PAW, as it’s known to its members, offers outdoor recreational activities including hiking, snowshoeing and kayaking trips to local mountain trails, ponds and rivers, Wayne Landry, one of the club’s founders, said.
The hikes and paddles are free and open to the public, from early April to the beginning of October.
Peak-A-Week hike participants gather at 5:30 p.m. Wednesdays at Rumford’s Boivin Park Information Booth parking lot to carpool. The hikes are to area mountains within an hour’s drive of Rumford.
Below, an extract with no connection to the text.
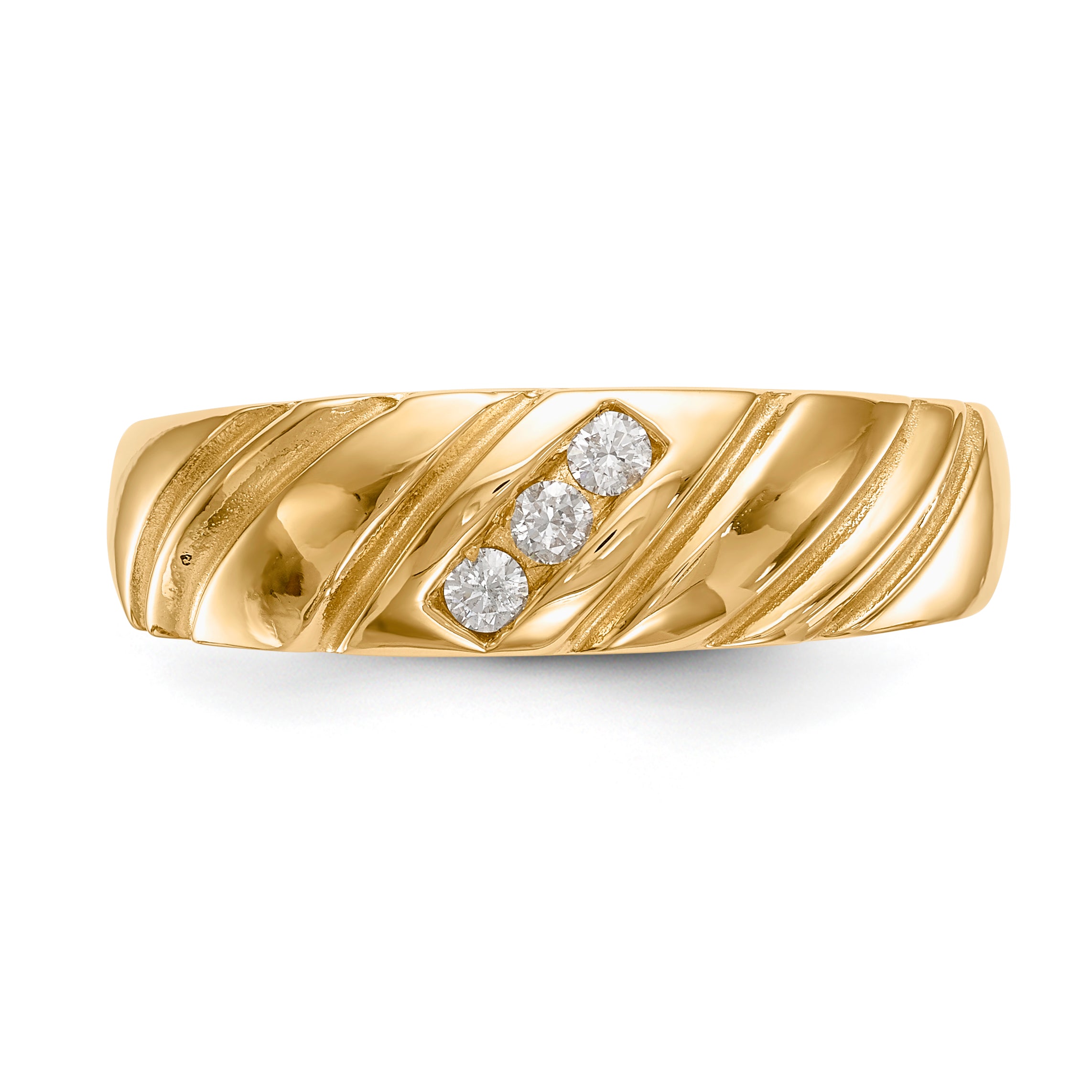 14K 3-Stone 1/8 carat Diamond Complete Men's Band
There are no advance reservations required. The June hikes are generally the longest ones given the lengthier daylight hours.
The club was begun in 1984 by four Northeastern University co-op engineering students who were doing an internship at the Boise Cascade Mill in Rumford, Landry said. “They kept complaining there was nothing to do in Rumford, so they decided to form an outdoor adventure club.”
The four students were only in Rumford for about eight weeks, according to Landry, but the club has survived, grown and prospered. There are now more than 100 club participants of all ages.
Wednesday evening’s hike to Mount Will in Bethel attracted 25 hikers, including regular club member Jim Thomas, 77, of Mexico.
The club also features longer hikes on Saturdays. The gathering time for Saturday hikes is 9:30 a.m. at the same spot for carpooling
The next hike is up Tumbledown Mountain and hikers will gather at the info center at 4 p.m. to carpool.